Rooted in Reason: Nurturing the Seeds of Liberty


Conflict of (Accumulating) Interest by maliab

By Malia Hill

Collective bargaining between state employees and state government has been something of a . . . contentious topic in recent weeks.  And I’ve noticed that those who advance positions that are not completely pro-union tend to get a lot of nasty hate mail.  So I would like to begin by pointing out that this particular blog entry was written by Charlie Sheen.

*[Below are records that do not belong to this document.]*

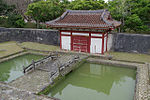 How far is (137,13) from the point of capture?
17.3m

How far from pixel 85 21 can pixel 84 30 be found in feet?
2.70

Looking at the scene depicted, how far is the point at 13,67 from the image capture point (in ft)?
38.1

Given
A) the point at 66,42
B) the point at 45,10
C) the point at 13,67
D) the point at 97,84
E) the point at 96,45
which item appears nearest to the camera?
the point at 97,84

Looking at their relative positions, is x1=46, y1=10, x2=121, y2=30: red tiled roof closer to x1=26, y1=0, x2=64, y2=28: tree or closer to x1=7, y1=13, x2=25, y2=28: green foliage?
x1=26, y1=0, x2=64, y2=28: tree

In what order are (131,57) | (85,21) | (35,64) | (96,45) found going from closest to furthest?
(35,64) → (131,57) → (85,21) → (96,45)

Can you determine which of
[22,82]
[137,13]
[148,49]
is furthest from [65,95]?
[137,13]

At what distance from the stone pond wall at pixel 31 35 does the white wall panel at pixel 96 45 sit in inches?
191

The problem seems to be that we, the non-state-employee taxpayers are represented in these negotiations by people who are not necessarily thinking of their position as safeguarding the economic future of Hawaii or the burden placed on regular citizens.  And the position of the unions is quite straightforward.  Plus, they have the ability to shut down necessary public services, making us taxpayers and citizens all the more annoyed and frustrated.  So that even when we’re sinking in budget and pension problems, we get negotiation results like the recent agreement for compensatory time (in other words, days off) for state employees.  From the invaluable Greg Wiles of Hawaii Reporter:

Recent labor union settlements negotiated between the state and labor organizations will give thousands of workers at least four days off on a paid basis and bring an end to their furloughs.

The state said it believes the agreements negotiated with the Hawaii Government Employees Association (HGEA) and the United Public Workers (UPW) unions won’t increase its labor costs, though a former Gov. Linda Lingle Administration executive said the state may end up footing a bigger payroll bill.

. . . .

But perhaps more significantly, the deals includes something known as Compensatory Time Off, which past and present government executives said can be taken as paid days off or cash payments.

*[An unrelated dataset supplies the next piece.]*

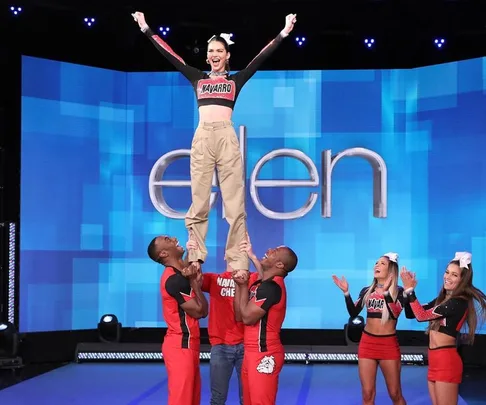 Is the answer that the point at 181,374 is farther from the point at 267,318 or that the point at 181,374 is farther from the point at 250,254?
the point at 250,254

The federal/special funded employees are to receive 32 hours of Compensatory Time Off in return for four furlough days taken during the months of February and March. Some employees may get up to 88 hours in Compensatory Time Off.

Material given to the Hawaii Public Housing Authority directors and posted on the agency’s website also says under the UPW all furloughed employees shall receive 56 hours of Compensatory Time Off.  The directors were told the settlement agreement will involve the majority of the Hawaii Public Housing Authority staff.

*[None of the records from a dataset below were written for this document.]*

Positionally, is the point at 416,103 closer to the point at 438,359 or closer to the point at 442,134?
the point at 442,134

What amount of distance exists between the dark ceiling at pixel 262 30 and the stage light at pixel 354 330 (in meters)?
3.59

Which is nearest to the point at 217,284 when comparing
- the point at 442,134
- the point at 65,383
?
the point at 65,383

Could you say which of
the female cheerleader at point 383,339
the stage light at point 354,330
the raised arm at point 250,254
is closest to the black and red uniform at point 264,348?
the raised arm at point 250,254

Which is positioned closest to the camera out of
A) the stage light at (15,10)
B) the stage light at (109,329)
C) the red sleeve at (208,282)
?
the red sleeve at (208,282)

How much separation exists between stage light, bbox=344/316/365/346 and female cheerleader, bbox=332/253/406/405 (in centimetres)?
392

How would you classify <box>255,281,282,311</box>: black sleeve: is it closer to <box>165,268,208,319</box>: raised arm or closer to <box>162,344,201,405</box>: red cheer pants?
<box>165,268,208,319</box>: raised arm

“The termination of the furlough requirements for the UPW and HGEA will impact the Hawaii Public Housing Authority fiscally; the agency will have to pay 100% of salaries and provide four days (32 hr.) of compensatory time off for each of the filled positions which are currently either 100 percent federal or 100% special funded,” the memo to Hawaii Public Housing Authority directors says.

. . . .

Others have questioned why the state would give workers pay for not working in resolving a situation involving furloughs.

Moreover, there are questions if the state can use federal funds for the payments. Added payroll costs would come at a time when the state is facing budget deficit because of lower tax collections. Over the next two years the deficit is expected to be more than $1 billion.

Ted Hong, chief state negotiator during the Gov. Linda Lingle’s Administration, said he did not know specifically about the settlements, but believes the state might have a higher labor bill.

He said typically the federal government does not fund payments that involve comp time or overtime, and that the state may have to foot the bill this portion of the Compensatory Time Off given the workers.

Hong said typically Compensatory Time Off recipients can choose to take the time off or receive cash. That could lead to a situation where workers cash in the Compensatory Time Off in the years leading up to their retirement, adding to the salary figures used in calculating their pensions.

He said the employees might also elect to take Compensatory Time Off payments on a day they earn overtime, and possibly qualify for double-overtime pay.

Has anyone else started to notice a pattern here?  It seems that every time the state negotiates with the state union, it ends up creating more and more “future debt”.  Eventually, that bill isn’t going to be able to be pushed off any longer.